Ten jednak nie odezwał się.
Po prostu się odwrócił i przytulił Nialla.
Zrobił to najmocniej jak potrafił. Z całego serca. Potrzebował tego. Potrzebował kogoś przytulić. Mieć kogoś obok.
- Dzięki - wreszcie się odezwał.
Trwali tak w uścisku dobre dziesięć minut.
- Niall!- Harry odsunął się i patrzył mu prosto w oczy.
- Tak? - odpowiedział zadowolony ze swego sukcesu.
- Lekarz powiedział, że muszę tu zostać jeszcze przynajmniej dwa tygodnie. Jeśli wiele się nie polepszy, to nawet trzy lub cały miesiąc! Niall ja nie mogę. - powtórnie zaczął płakać. - Lecimy do Nowego Jorku! - powiedział szlochając.
- Harry - uśmiechnął się Niall. - Nie ma problemu! Nic się nie stało Harry! Zostanę z Tobą i wierzę, że te wakacje będą równie świetne tutaj, jak i tam! - powiedział pocieszająco.
- Jest problem!! Ty nic nie rozumiesz! - odwrócił się i po raz kolejny zaczął płakać.
- Ale co jest, Harold? Przecież możesz mi powiedzieć. - powiedział wyczerpany proszeniem Niall.
- Mam tam sprawy do załatwienia. - rzekł.
- Sprawy? W Nowym Jorku? Ty? Przecież ty nigdy tam nawet nie byłeś! Jakie sprawy!? - zdziwił się.
- I tak wystarczająco Ci powiedziałem. - odburknął.
Niall postanowił zostawić go samego, by odpoczął i trochę się uspokoił.
Miał zamiar wychodzić, lecz zatrzymał się, gdy usłyszał wołanie Harrego.
- Niall nie idź, proszę.- zawrócił i ponownie zajął swoje miejsce obok przyjaciela.

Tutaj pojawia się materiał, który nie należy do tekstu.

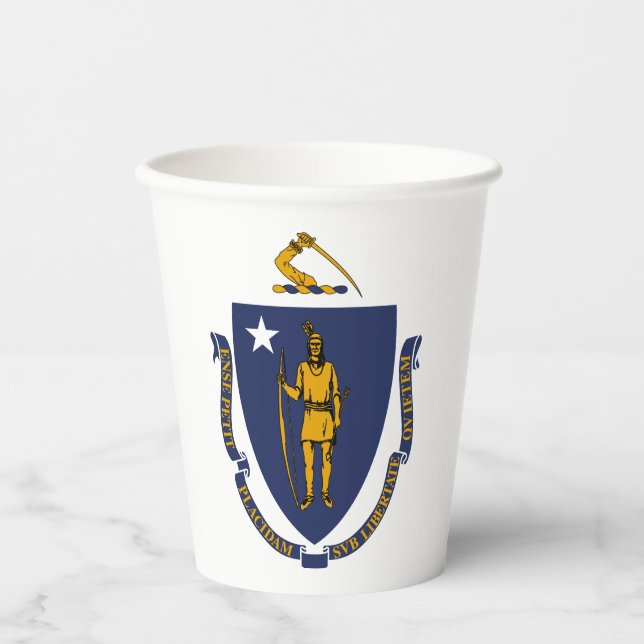 Vasos De Papel Bandera estatal de Massachusetts (Anverso)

- Kiedyś Ci wytłumaczę, ale teraz pomóż mi. Proszę. - prosił go ze łzami w oczach.
Niall nie potrafił mu odmówić. Wreszcie miał szansę dowiedzieć się co gryzie Harrego. Zresztą musiał mu pomóc. Był jedyną osobą która mogła zapewnić mu wsparcie i poczucie bezpieczeństwa.
- No dobra - zgodził się.
- Dziękuję! Takiego przyjaciela to ze świecą szukać! - Harry strasznie się ucieszył, jego oczy błyszczały i pierwszy raz od bardzo dawna kąciki jego ust uniosły się w górę.
Niall był z siebie dumny.
Po chwili, zaproponował Harremu, że przyniesie mu coś do przegryzienia i powie Camilli żeby wracała do domu.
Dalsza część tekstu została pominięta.